Comparison of 46 Cytokines in Peripheral Blood Between Patients with Papillary Thyroid Cancer and Healthy Individuals with AI-Driven Analysis to Distinguish Between the Two Groups
Round 1
Reviewer 1 Report
Comments and Suggestions for AuthorsPeer-review
Comparison of 46 cytokines in peripheral blood between patients with papillary thyroid cancer and healthy individuals with AI-driven analysis to distinguish between the two groups
Diagnostics
Comment: It is a very well planned and described study. Congratulations!
Title
No comments
Abstract
No comments
Introduction
No comments
Methods
Recommendation: Please specify the software and packages used for graphics creation (e.g., Python libraries such as Matplotlib, Seaborn, or others) to enhance transparency and reproducibility.
Results
Recommendation: The presentation of the statistical analysis results appears redundant—for example, the details provided in Table 2, the accompanying text, and the figure seem to overlap. Please verify whether this repetition is necessary and consider streamlining the presentation to avoid excessive duplication of results.
Discussion
Recommendation: Please consider moving Figures 5 and 6 to the Results section to provide a clearer separation between data presentation and discussion, enhancing the manuscript's overall clarity and structure.
Recommendation: Please expand the discussion on the clinical application and generalizability of the findings. In particular, consider addressing how the results might translate to cytokine measurements obtained via methods other than Luminex
Tables
No comments
Author Response
Thank you very much for taking the time to review this manuscript. Please refer to the attached file for a detailed responses.
Author Response File: Author Response.pdf
Reviewer 2 Report
Comments and Suggestions for AuthorsDear Authors,
I appreciate the opportunity to review your manuscript addressing the critical issue of identifying biomarkers in papillary thyroid carcinoma (PTC). Your exploration of cytokine profiling using xMAP technology to analyze 46 cytokines provides valuable insights and opens avenues for applying such methodologies in this field.
Introduction:
Your introduction offers a comprehensive overview of cytokine profiling in PTC and the application of machine learning algorithms in medical diagnostics. However, it could benefit from a more detailed discussion of prior cytokine studies in thyroid cancer to better contextualize the study's objectives. I recommend enhancing the introduction by reviewing existing literature on cytokine studies in thyroid cancer and highlighting the gaps that this study aims to address.
Methods:
The methods section is detailed, covering sample processing, cytokine analysis, and AI model implementation. However, it lacks specifics on hyperparameter tuning, feature selection, and the handling of missing data. Major concerns in this section include:
The manuscript does not specify critical machine learning parameters and steps.
It is unclear how hyperparameters for the models were selected beyond grid search.
The dataset was split into four outer folds for validation—why four and not a standard 5 or 10-fold cross-validation?
While nested cross-validation is used, there is no mention of feature selection or dimensionality reduction.
Please provide:
Details on how hyperparameters were optimized (e.g., learning rate, depth, regularization in XGBoost).
An explanation for choosing a four-fold split instead of other standard splits.

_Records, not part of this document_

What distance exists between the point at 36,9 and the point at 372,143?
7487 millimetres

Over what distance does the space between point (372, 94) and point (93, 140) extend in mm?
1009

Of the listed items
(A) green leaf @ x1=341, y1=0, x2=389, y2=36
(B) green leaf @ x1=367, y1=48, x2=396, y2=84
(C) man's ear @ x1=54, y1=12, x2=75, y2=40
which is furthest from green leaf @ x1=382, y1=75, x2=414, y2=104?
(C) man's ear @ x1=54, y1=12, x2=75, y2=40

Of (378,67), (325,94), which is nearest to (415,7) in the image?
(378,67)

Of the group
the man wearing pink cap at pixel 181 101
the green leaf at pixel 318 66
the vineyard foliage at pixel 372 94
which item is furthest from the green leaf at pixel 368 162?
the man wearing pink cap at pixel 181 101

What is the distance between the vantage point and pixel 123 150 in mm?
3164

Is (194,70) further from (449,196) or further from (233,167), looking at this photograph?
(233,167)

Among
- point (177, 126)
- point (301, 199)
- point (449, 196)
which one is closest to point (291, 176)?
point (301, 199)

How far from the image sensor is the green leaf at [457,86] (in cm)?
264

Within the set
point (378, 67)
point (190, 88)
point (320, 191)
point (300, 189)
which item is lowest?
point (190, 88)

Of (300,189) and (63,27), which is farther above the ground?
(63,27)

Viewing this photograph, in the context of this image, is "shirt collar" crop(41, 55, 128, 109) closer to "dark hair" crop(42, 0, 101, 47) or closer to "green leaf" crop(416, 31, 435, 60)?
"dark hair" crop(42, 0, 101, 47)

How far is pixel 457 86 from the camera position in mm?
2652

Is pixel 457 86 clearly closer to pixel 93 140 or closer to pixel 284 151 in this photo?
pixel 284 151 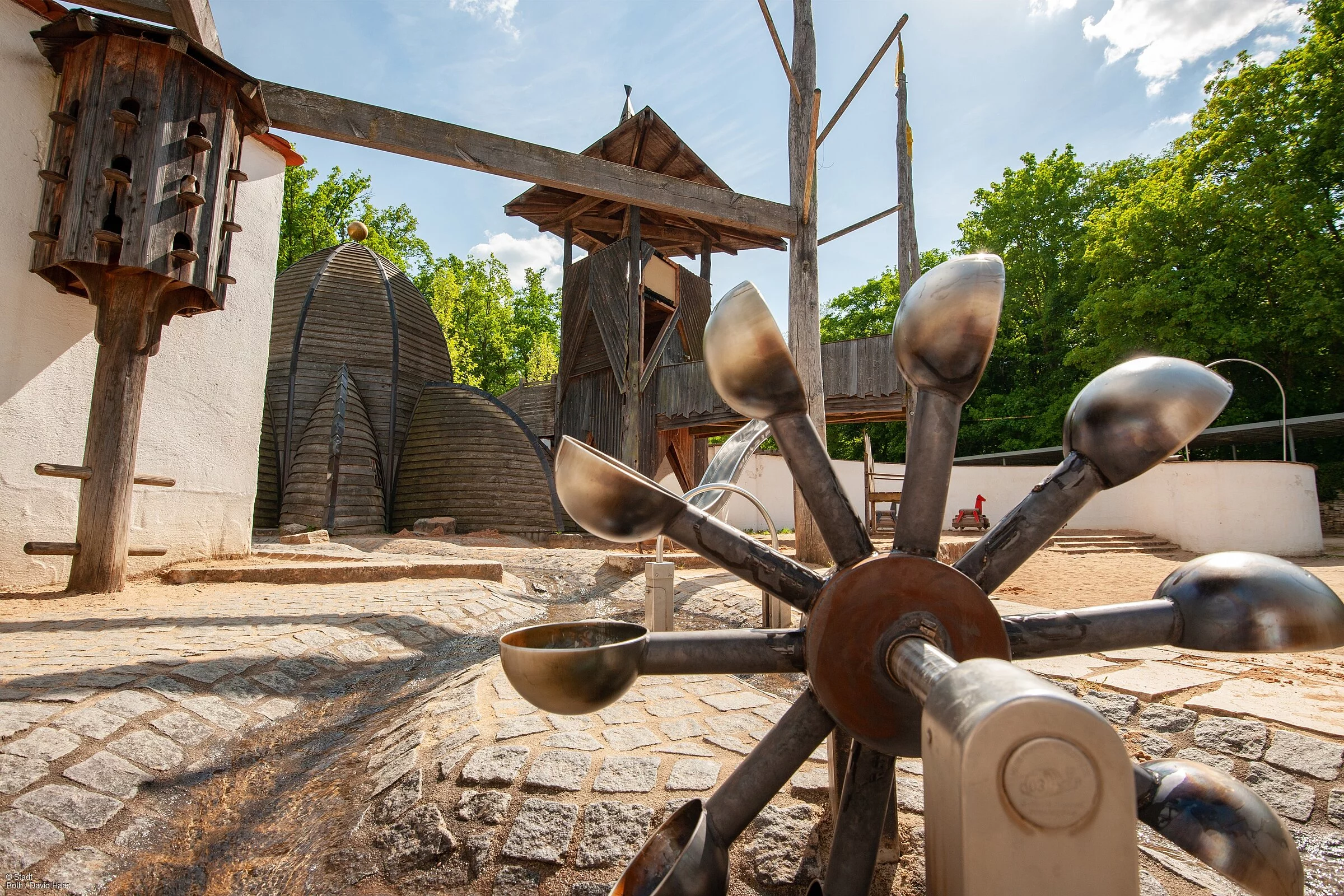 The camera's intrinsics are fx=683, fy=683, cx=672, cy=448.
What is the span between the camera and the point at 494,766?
2.27 meters

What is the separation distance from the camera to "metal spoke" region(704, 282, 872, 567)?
3.77ft

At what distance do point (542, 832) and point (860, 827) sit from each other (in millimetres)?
1249

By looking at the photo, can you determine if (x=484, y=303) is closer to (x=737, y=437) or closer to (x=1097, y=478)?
(x=737, y=437)

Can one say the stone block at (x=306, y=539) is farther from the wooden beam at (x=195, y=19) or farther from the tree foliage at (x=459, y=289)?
the tree foliage at (x=459, y=289)

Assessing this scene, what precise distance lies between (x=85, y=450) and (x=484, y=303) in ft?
102

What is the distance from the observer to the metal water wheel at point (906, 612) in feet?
3.11

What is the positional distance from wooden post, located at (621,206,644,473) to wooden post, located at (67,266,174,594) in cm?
977

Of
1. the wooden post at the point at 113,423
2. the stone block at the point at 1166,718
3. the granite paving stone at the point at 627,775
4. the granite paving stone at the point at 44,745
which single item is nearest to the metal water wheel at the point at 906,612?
the granite paving stone at the point at 627,775

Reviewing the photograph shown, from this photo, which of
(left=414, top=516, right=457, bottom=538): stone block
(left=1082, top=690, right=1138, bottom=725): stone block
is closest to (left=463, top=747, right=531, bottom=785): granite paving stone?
(left=1082, top=690, right=1138, bottom=725): stone block

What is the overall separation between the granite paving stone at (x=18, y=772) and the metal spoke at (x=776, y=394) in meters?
2.63

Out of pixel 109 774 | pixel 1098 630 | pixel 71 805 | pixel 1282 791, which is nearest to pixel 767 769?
pixel 1098 630

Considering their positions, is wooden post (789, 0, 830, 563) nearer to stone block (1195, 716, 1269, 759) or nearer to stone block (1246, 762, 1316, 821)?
stone block (1195, 716, 1269, 759)

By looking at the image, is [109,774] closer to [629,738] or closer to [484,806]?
[484,806]

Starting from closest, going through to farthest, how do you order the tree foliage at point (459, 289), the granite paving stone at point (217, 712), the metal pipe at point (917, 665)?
1. the metal pipe at point (917, 665)
2. the granite paving stone at point (217, 712)
3. the tree foliage at point (459, 289) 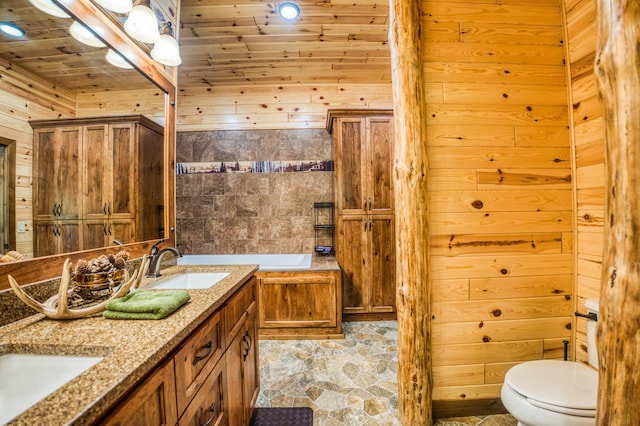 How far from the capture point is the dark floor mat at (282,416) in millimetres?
1602

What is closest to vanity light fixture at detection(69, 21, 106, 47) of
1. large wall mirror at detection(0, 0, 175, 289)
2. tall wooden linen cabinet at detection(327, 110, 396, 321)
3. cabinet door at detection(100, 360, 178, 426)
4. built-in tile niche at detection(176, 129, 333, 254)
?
large wall mirror at detection(0, 0, 175, 289)

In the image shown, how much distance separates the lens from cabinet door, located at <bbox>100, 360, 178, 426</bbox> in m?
0.56

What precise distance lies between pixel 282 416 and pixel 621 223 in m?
1.97

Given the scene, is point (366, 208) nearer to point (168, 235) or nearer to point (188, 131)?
point (168, 235)

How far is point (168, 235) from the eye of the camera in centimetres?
187

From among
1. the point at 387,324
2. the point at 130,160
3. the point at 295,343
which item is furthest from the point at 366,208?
the point at 130,160

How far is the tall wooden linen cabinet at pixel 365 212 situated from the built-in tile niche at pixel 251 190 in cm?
56

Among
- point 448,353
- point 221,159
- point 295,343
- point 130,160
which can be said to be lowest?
point 295,343

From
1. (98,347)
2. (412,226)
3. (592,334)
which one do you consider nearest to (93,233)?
(98,347)

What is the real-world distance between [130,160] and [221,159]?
2140mm

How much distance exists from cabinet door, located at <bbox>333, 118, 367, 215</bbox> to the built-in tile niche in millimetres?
534

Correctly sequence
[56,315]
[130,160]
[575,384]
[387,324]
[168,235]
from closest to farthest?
[56,315]
[575,384]
[130,160]
[168,235]
[387,324]

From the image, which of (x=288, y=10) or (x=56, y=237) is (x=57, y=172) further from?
(x=288, y=10)

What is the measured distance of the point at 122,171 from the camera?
139 centimetres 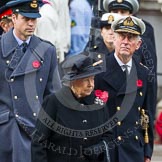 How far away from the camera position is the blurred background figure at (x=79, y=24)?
13117 mm

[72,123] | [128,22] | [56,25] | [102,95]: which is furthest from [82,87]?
[56,25]

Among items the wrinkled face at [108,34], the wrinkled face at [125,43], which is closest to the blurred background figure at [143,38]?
the wrinkled face at [108,34]

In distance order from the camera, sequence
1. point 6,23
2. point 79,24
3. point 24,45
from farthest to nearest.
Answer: point 79,24 → point 6,23 → point 24,45

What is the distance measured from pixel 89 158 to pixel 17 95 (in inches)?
50.0

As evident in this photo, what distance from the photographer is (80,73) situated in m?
8.20

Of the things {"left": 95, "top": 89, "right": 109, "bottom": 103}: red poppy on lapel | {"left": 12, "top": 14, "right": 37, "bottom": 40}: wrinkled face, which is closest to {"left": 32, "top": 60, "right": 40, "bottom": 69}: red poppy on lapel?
{"left": 12, "top": 14, "right": 37, "bottom": 40}: wrinkled face

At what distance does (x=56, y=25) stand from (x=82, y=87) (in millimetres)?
4463

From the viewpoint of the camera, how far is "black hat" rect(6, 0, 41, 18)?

Information on whether feature selection or dimensionality reduction was performed.
Age-Related Differences:
To strengthen your findings, please consider analyzing age differences between patient and control groups, as age can influence cytokine levels and the tumor microenvironment in PTC. Studies have shown that older PTC patients often exhibit higher tumor mutational burden and alterations in immune cell composition, such as decreased cytotoxic CD8+ T cells and increased resting dendritic cells, contributing to a tumor-permissive environment. Additionally, age is a well-established prognostic factor in PTC, with patients over 65 years experiencing more aggressive disease and poorer survival rates. Addressing potential age-related differences would enhance the robustness of your conclusions.
Discussion:
Expand the discussion to elaborate on the clinical relevance of the identified cytokines and the potential integration of this approach into current diagnostic workflows.
Author Response
Thank you very much for taking the time to review this manuscript. Please refer to the attached file for a detailed responses.
Author Response File: Author Response.pdf
Reviewer 3 Report
Comments and Suggestions for AuthorsThe Mann–Whitney U test was used in this study, but no further information was given. What was the point of using it, and how did this random test help them?
What makes this model very different from other t-tests? Did you check for biases with other tests?
It looks good, that SHAP model. I think it would be helpful to show spread plots for all five classes, especially with the most important traits that the T-test found.
I'm referring to two medical studies that used AI: https://doi.org/10.3390/ijerph19116439 and https://www.jto.org/article/S1556-0864(23)01062-6/fulltext to lines 58–62 of the statement.
They used t-tests and common machine learning models to look at how well they could find people with papillary thyroid cancer (PTC), which is not something new.
State-of-the-art comparison is needed to show how significant this work is.
Author Response
Thank you very much for taking the time to review this manuscript. Please refer to the attached file for a detailed responses.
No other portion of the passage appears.